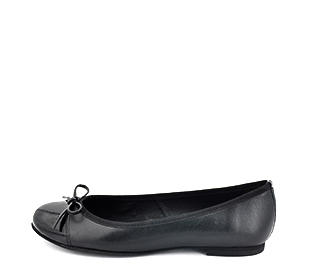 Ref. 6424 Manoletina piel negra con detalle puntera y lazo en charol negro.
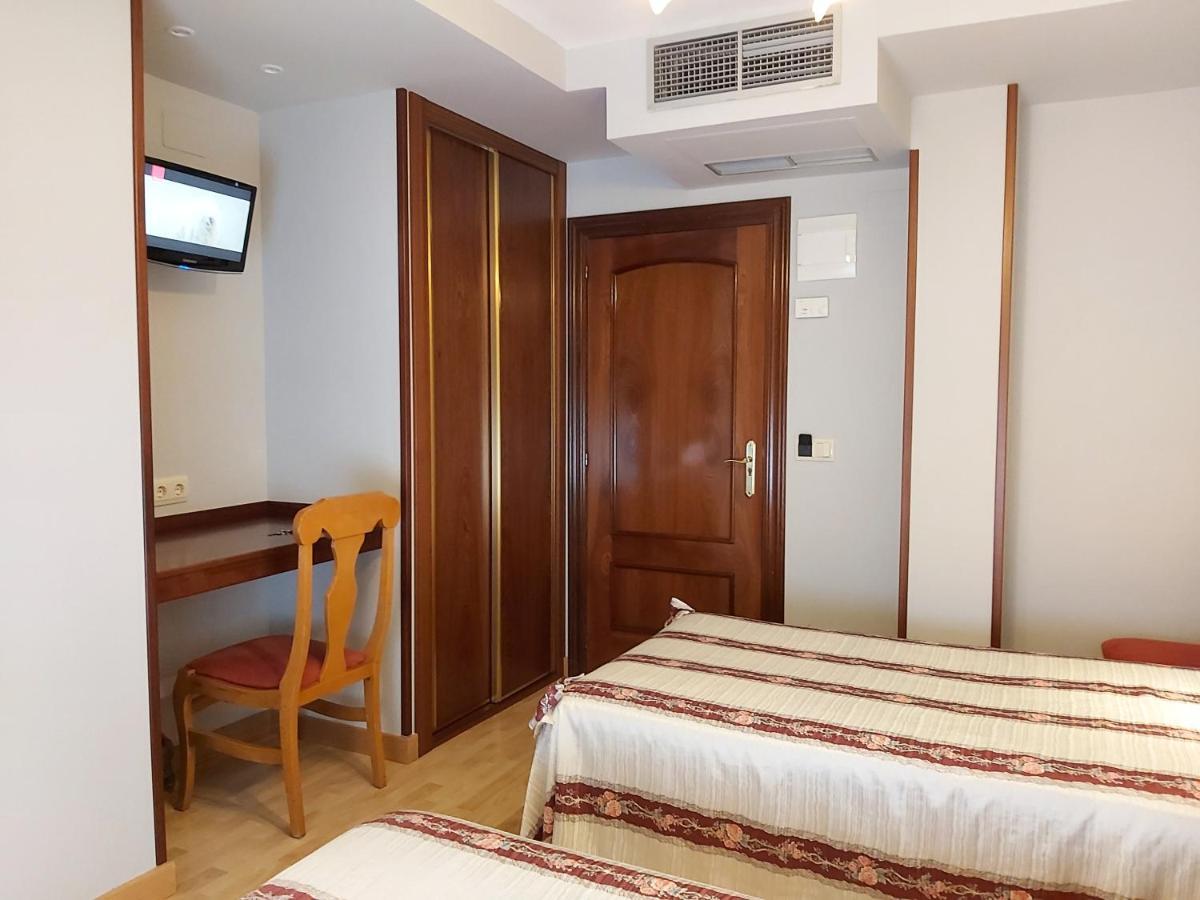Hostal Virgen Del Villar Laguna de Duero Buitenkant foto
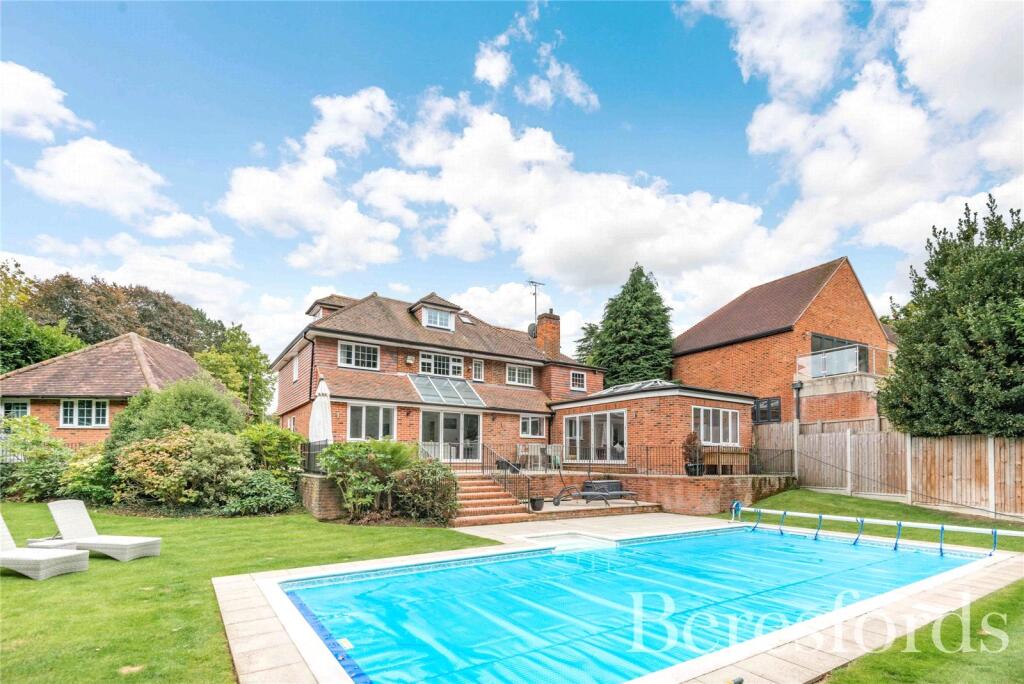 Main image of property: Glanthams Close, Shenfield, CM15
* * *
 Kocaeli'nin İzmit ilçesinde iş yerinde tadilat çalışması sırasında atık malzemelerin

## Action item
In the listing above, find the line with "Ref. 6424 Manoletina" and output every line through the one with "Main image of", exactly, without the pictures.

## The answer
 Ref. 6424 Manoletina piel negra con detalle puntera y lazo en charol negro.
Hostal Virgen Del Villar Laguna de Duero Buitenkant foto
 Main image of property: Glanthams Close, Shenfield, CM15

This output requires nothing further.